Wind Town 2.2

             They helped him up and guided him to the couch. Matt followed their directions numbly. His body was still shaking, and his mind was whirling like a children’s toy. The image of the pinwheel popped into his head, and he flinched. The sudden shudder was too much for his tired knees, and he fell onto the couch with a dull thud. Sarah curled up next to him. Her thin shoulder pressed against his side, but he didn’t protest.
            Their parents stood uncertainly in the center of the room. Dad ran his hands through his hair and then rubbed them against his legs, as if he couldn’t quite make them still. He started to put them through his hair again, but Mom reached out and caught one, linking their fingers together. She leaned her face against his shoulder and sighed. When his dad stroked her hair and kissed the top of her head, Matt’s insides began to feel tense and shaky. Even when the house shook from the wind, Mom and Dad hadn’t looked like that. They weren’t supposed to look like that.
            “They’re too young. They shouldn’t have to deal with this.”
            The murmur was so soft that Matt wasn’t sure he’d really heard it until his dad whispered, “We don’t have any choice.”
            The shoulder pressed against him trembled, making Matt turn. Sarah gazed up at him with eyes so big he thought they would swallow her face.
            “Is the wind bad?” she whispered, clutching his sleeve.
            He stared down at her, not knowing how to answer. A sigh turned them back to their parents. They were stepping away from each other.

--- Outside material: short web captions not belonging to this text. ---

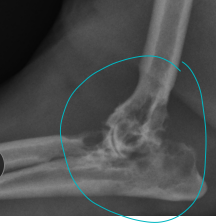 <p>Synovial cell sarcoma </p>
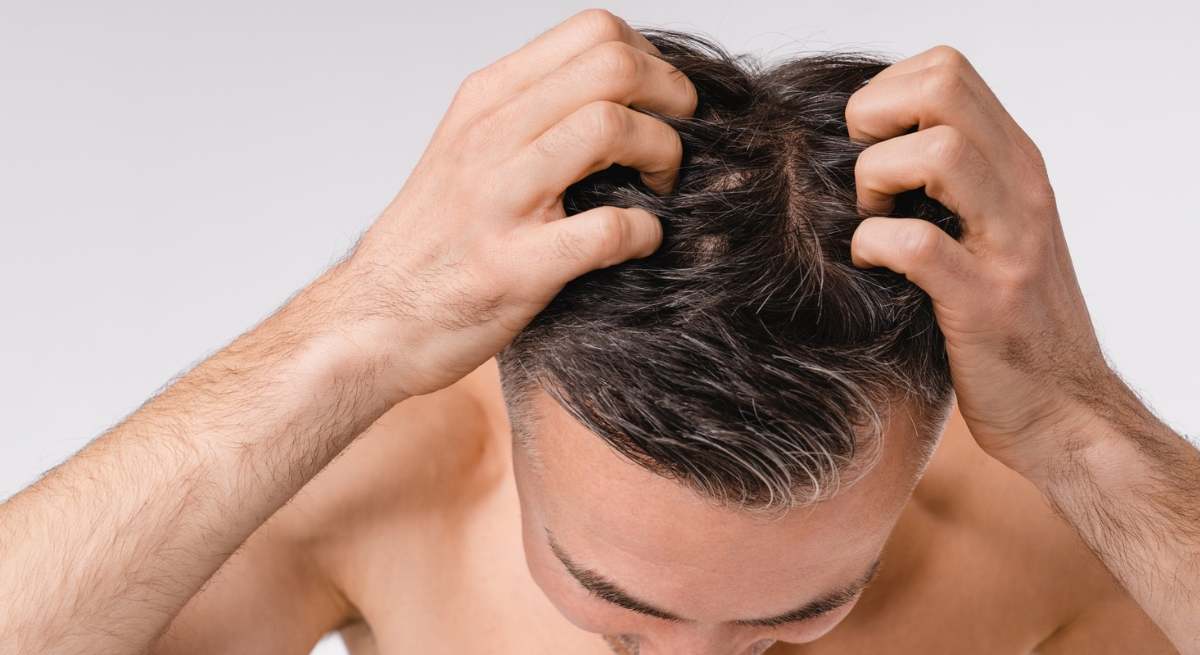 pelo-hombre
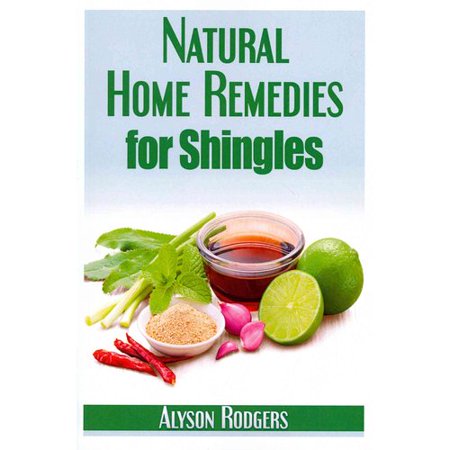 Natural Home Remedies for Shingles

Matt thought they would pull the armchairs up to the couch and could only gape when his mom sat facing them on the coffee table. His dad followed suit.

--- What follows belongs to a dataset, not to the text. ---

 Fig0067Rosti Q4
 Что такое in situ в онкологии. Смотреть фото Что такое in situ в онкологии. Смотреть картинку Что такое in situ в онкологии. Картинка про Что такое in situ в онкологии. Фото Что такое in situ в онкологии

            “We’re not supposed to sit on the coffee table!” He and Sarah blurted together. Their parents blinked and then smiled a little. Some of the tension left Matt’s insides.

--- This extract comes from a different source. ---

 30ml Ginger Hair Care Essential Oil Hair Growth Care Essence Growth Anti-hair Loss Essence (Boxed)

            “Just this once,” his mom said, and her smile faded. Dad laid his hand over hers. She looked down at their joined hand as if not sure where to start. Matt couldn’t wait any more.
            “How come no one else can talk to the wind?” he blurted.
            They frowned, and his dad stared up at the ceiling like the answer was up there somehow.
            “That’s not exactly true,” his dad said finally. “Everyone used to be able to talk to it and understand it. All of our people did, anyway.”
            “Our people…?” Matt gaped.
            “Humans, Matthew,” his mother sighed with exasperation. “We’re still human.”